25.激突-1

 それは突然のことだった。

 会話、というか文句というかを課長補佐相手に続けようとした矢先、強烈な音と光が後ろから叩きつけられたのだ。

「な、なに!?」

 ギラッと眩しい光がサイドミラー越しに浴びせかけられ、殴りつけるようなクラクションの大音量に身体がすくむ。

 反射的に背後を振り返ってみると、すぐ後ろにピタリと貼りつくようにして、一台のクルマがそこにいた。

 なおもしつこくヘッドライトをビカビカと点滅させ、クラクションを鳴らして、こちらを威嚇している。

「か、課長補佐……」

 声が震えてくるのを抑えきれないまま、隣に座る課長補佐の名を呼んだ。

「大丈夫だよ。心配いらない」

 視線をあわせるように、こちらに顔を向けてくれた課長補佐の表情は普段と変わらず。

「このクルマみたいなのを運転してると、こうして絡まれるのはしょっちゅうさ」

 なんでもないよ、よくある事と、ウンザリ気味ではあったけど、それでも、笑いかけてくれたから安心できた。

 そして、

 こういう手合いは、相手にしないでやり過ごすのが一番と、ハンドルを少し左に切って、ブレーキを踏んだようである。

 車速を落として、更には運転席側の窓を開けると腕をつきだし、後方に向かって『先に行け』と合図をおくっている。

 すると、

 そこではじめてヘッドライトの照射(後で課長補佐から教えてもらったけど、『パッシング』と言うんだそうだ)とクラクションがやみ、右側に寄った後続車両がこちらを追い抜いていき……かけたところで、何故か真横に並んで併走してきた。

「え……?」

 疑問と不安が結晶し、呟きとなって、口からぽろりとまろび出る。

(どうして追い抜いていかないの?)

 窓ガラス越しに並んで走る格好になった相手のクルマに目を向ける。

 こちらよりも背の低い車体。

 流線型で、銀色のクルマ。

 運転席側の窓が全開に開けられている。

 ドライバーがこっちを見ていた。

 その顔は――!

「き、たじま……?」

 次の瞬間、

 もしも課長補佐が急ブレーキを踏んでくれなかったら、わたしは命を落としていたかも知れない。

「きゃあッ!?」

 暴力的なまでの減速に悲鳴をあげ、前方に投げ出されるようにつんのめりながらも、わたしはフロントガラスのすぐ前を銀光となって右から左へ閃き去ってゆく一本の矢を視界に捉えていたからだ。

「正気か!?」

 会社のおなじ部署で働くようになってから……、知り合ってからはじめてと言っていいかも知れない――課長補佐が罵声をあげ、クルマをギャン! と、その場でスピンさせた。

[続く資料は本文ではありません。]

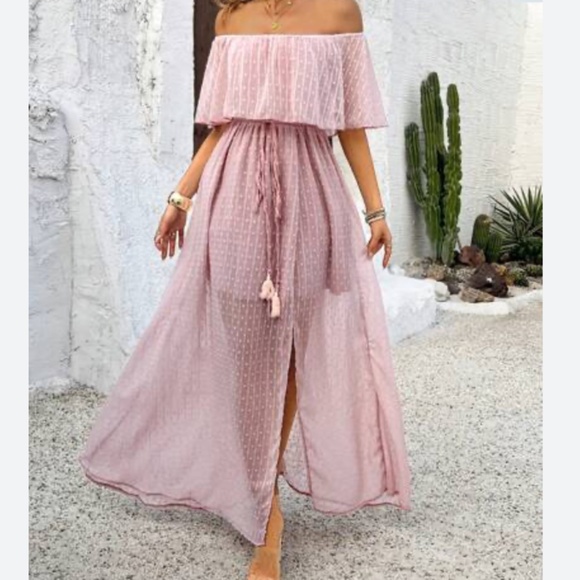 SHEIN Blush Pink Off Shoulder Sheer Gathered Flowy Dress - size small - Picture 1 of 7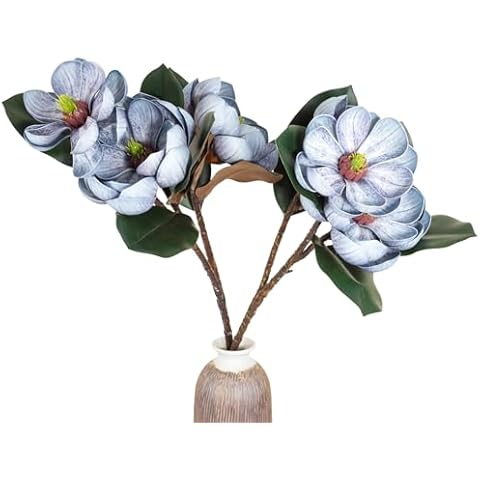 FairDeco 2Pcs Fake Magnolia Artificial Flowers with 3 Heads, 27.5 Inch Long Stem Magnolia Artificial Flowers,Living Room Bedroom Wedding Decoration (Blue,2 Stems) Cover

 手足が、まるで魔法のように動きまわって、ハンドル、シフトレバー、ペダル類を操作し、向きを一気に一八〇度反転させると、これまで走ってきた道へ逆戻りするかたちでクルマを疾走させだした。

「あ……、あ、わ、わたし……」

 今になって震えがきた。

 たった今、目にした北島の顔。

 デートしていた頃の華やかさなど見る影もなく、髪はぼさぼさ、無精ヒゲまみれで、脂の浮いたやつれた顔。

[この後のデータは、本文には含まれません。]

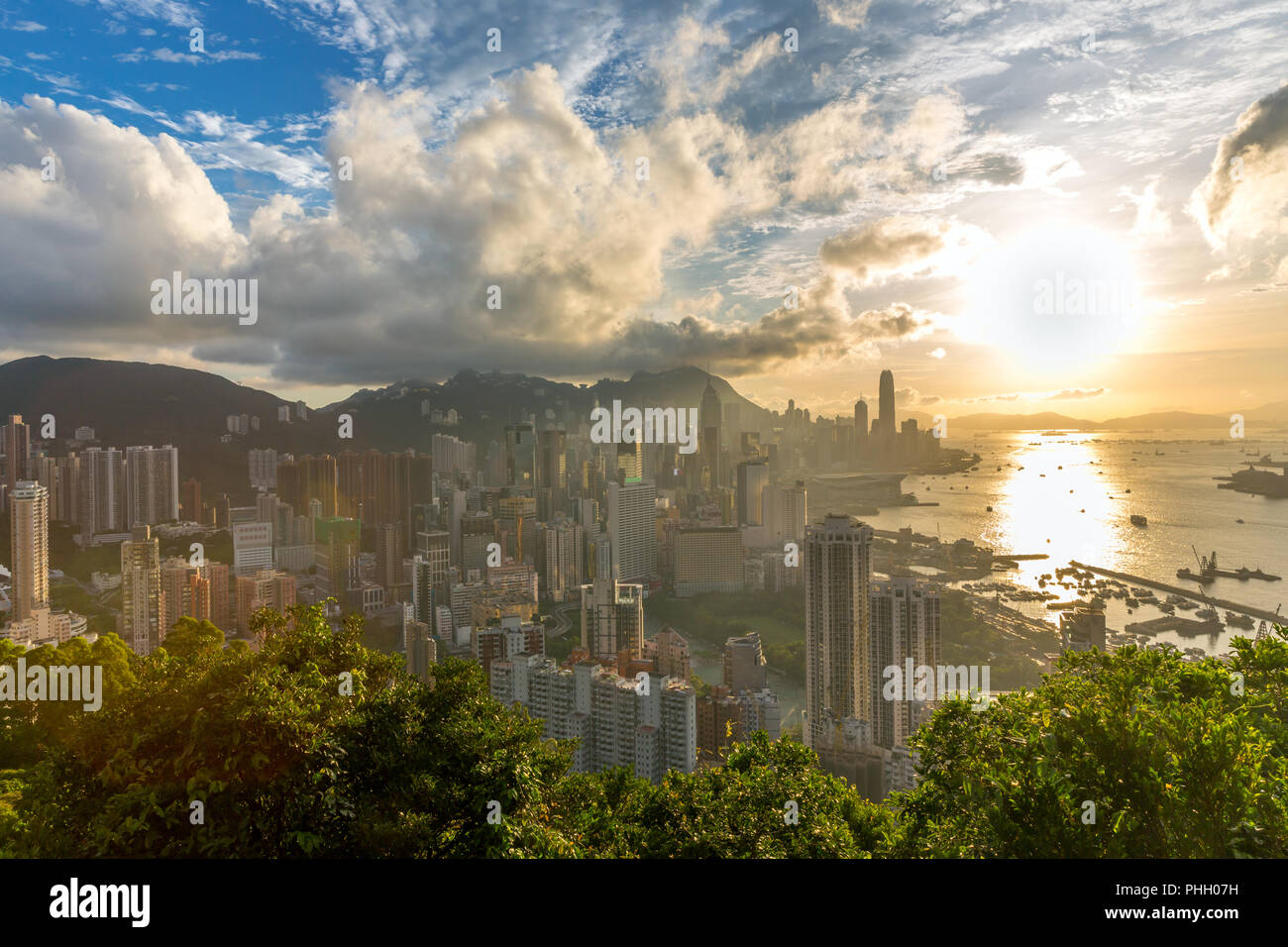 Hong Kong Sunset Aeriel View Stock Photo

 でも、その目だけはかれたようにギラギラしていて、そして、その手にはボウガンがあった。

 そのボウガンで、なんの躊躇ためらいもなくわたしを撃ったのだ。

(どうして!? なんでわたしを!?)

 わたしを見る目は憎悪にまみれ、表情は隠しきれない殺意で満ちていた。

 疑いもなく、アイツはわたしを殺すつもりだった。

 でも、どうして!?

「ちッ!」

 課長補佐が舌打ちをする。

「くそガキのくせに運転技術はそれなりか」

 そう言う課長補佐の視線を追って、ルームミラーを覗いてみると、そこにはわたしたちと同様、クルリとクルマを反転させて、こちらを追いかけてきている北島の『俺のポルシェ』の姿があった。

「美佳くん」

 常とは違う、厳しい声で課長補佐がわたしの名を呼ぶ。

「は、はい」

「スマホは持ってきてるか?」

「は、はい」

「よし。それじゃあ、すぐに一一〇番してくれ。――あおり運転されているから、助けてください、とな」

「はい!」

 手指がふるえてポケットからスマホを取り出すのにもたつく。

「深呼吸して」

「はい!」

「大丈夫だ。かならず僕がなんとかしてみせる」

「はい!」

 わたしは生まれてはじめて一一〇番をダイアルした。